I agree with this. I like to read and write about settings in nature.
 

Yora

Maester
I'm a professional gardener and now study horticulture, but I also once used to study ancient and tribal religions as part of a previous abandoned career path. I find the relationship between people and the environment very fascinating and realized that most of western society doesn't actually know what nature is. Except for remote parts of Scandinavia and North America, there are no natural environments in our world left. When we go out of the cities and into nature, the environments we are entering are agricultural land and tree plantations, that have been constantly worked and managed for centuries. In most of Europe it has been for over a thousand years, and we exterminated all dangerous predators long ago. And there are roads everywhere, which can take us to the next food store or hospital in under an hour
I think this is creating the impression that nature is beautiful, peaceful, and healthy. But that's a really distorted picture. We think outside of the cities is nature, but most of Europe is one big, safe, cultivated park. It's a beautiful fantasy that certainly has its place, but I also think there is huge potential for fantasy fiction that explores what wilderness would have been like for people for 99% of human existence. I very rarely see that, and it's the other main thing that makes me want to write something.
 

Firefly

Troubadour
What's the niche, Yora? I think you may have said, but maybe say it again?

Come to think of it, it's probably worth asking not so much why does someone write fantasy as why they write the particular kind of fantasy they are writing.

Hmm, maybe I'll have to start another thread for that.
 

Demesnedenoir

Myth Weaver
Always wrote it, even if it didn't always hit the page, heh heh.

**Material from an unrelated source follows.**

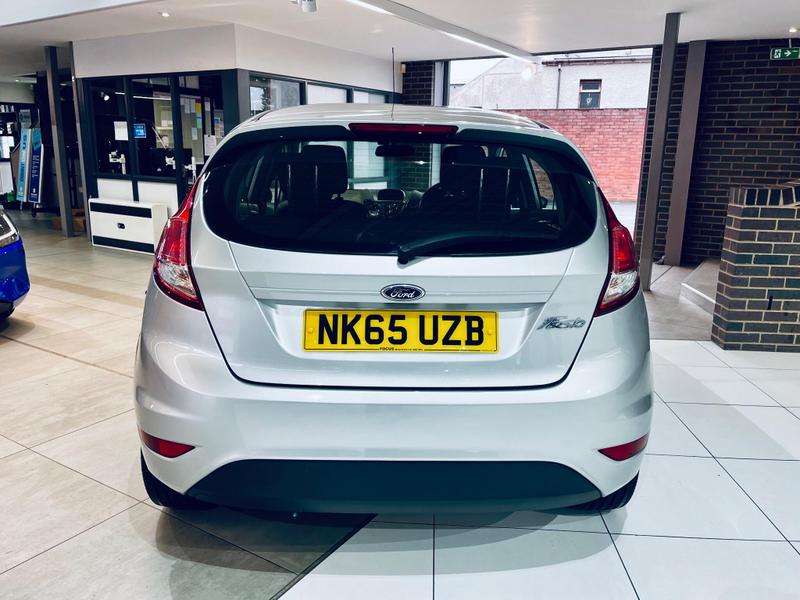 Used Ford Fiesta 2015 for sale - 76296912: Photo 7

A bit like Malik, I write what I can't find elsewhere, but no matter what I'd be writing. I like what I like how I like it written, and very few writers achieve that. I spent years figuring out what I don't like about other writers, and eliminated that from my writing, heh heh. I was probably 8 when I officially decided I wanted to be a writer... I just lost my way experiencing life in between then and now.

I like heavy realism and heavy magic, and that blend is something few writers seem to achieve to my satisfaction... no idea why. So, I try to read a lot of fantasy, but either the writing or the story itself typically loses me. More often than not, I'll find myself rereading my own stuff looking for improvements rather than reading somebody else. I'm obsessed with my story, and I'm finding that at least some people out in the world are as well, LOL.
 

Aldarion

Archmage
I like history. Fantasy is fictional history. The end.

Well, I also enjoy worldbuilding, which includes exploring the worlds other had built.
 

Aldarion

Archmage
History with dragons. Mustn't forget the dragons. ;)

TL-Temeraire.jpg
 

blondie.k

Minstrel
When I read/write fantasy, I get a chance to escape reality and explore what's possible in a world that I've never been to. It's a place to be myself or someone else; someone I wish I could be.
 

Yora

Maester
Fantasy is not something you grow out of. Almost all fantasy writers are grown ups or old people, and the vast majority of readers too.